• _Provided data_
^^^^^^^^

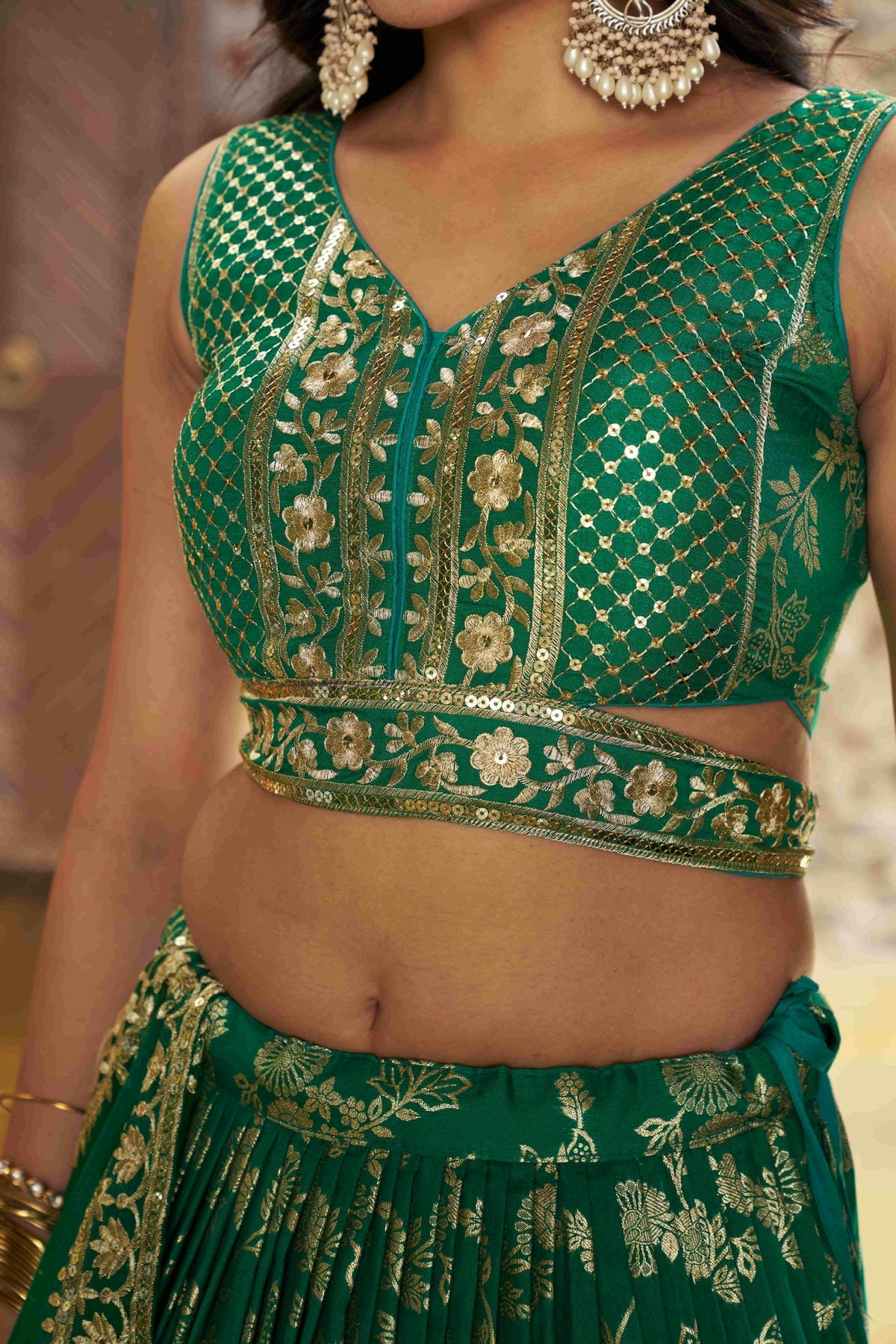 Dola Silk Jacquard Lehenga Choli In Rama Green Colour LC10110107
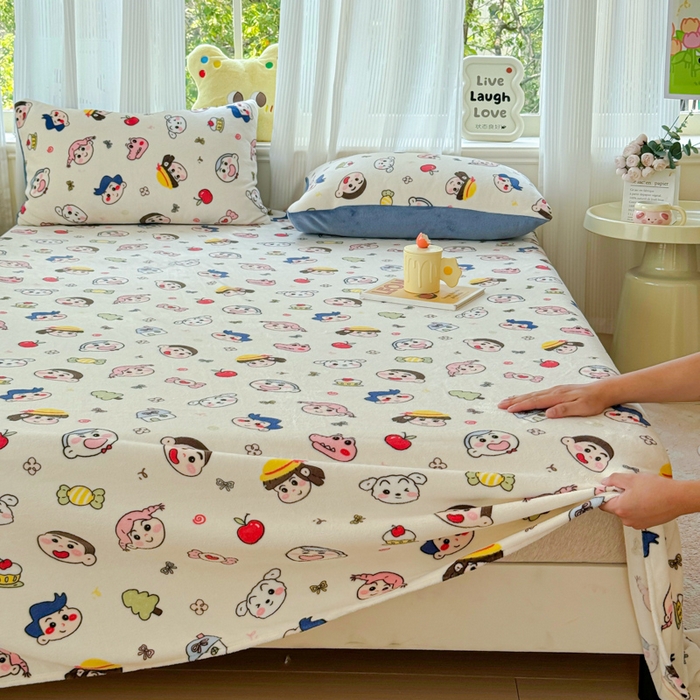 91家纺网 家纺一手货源 找家纺 澜妃 2025新款高克重软软糯糯牛奶绒单床单CD系列（小红书推荐） CD-小小新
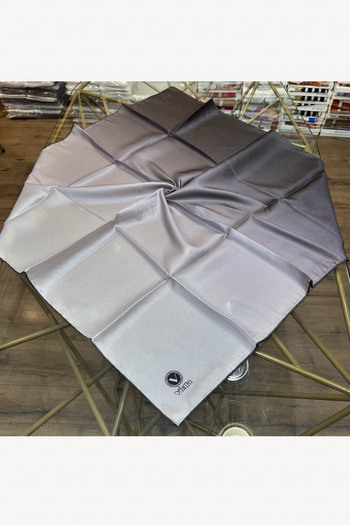 VİOLLA Crystal Gradient Patterned Silver Colored 90X90 Scarf (Does Not Contain Silk) Edge Stitching Shape Hand Stitched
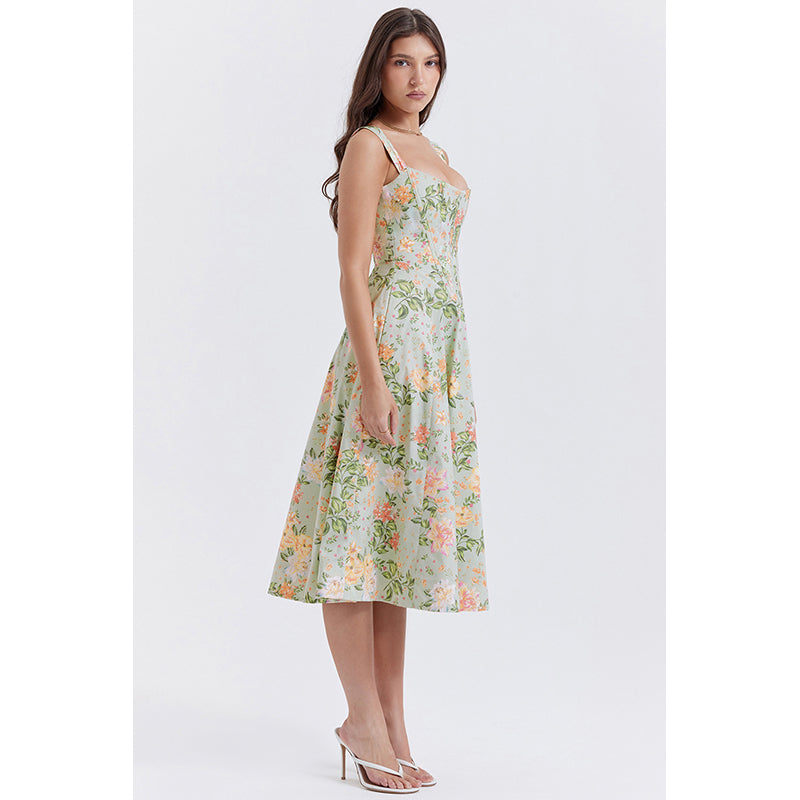 Green Floral Print Sleeveless Knee Length Dress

^^^^^^^^

• _What you need to do_
Could you copy the lines above exactly and skip the images?

• _Exercise output_
 Dola Silk Jacquard Lehenga Choli In Rama Green Colour LC10110107
 91家纺网 家纺一手货源 找家纺 澜妃 2025新款高克重软软糯糯牛奶绒单床单CD系列（小红书推荐） CD-小小新
 VİOLLA Crystal Gradient Patterned Silver Colored 90X90 Scarf (Does Not Contain Silk) Edge Stitching Shape Hand Stitched
 Green Floral Print Sleeveless Knee Length Dress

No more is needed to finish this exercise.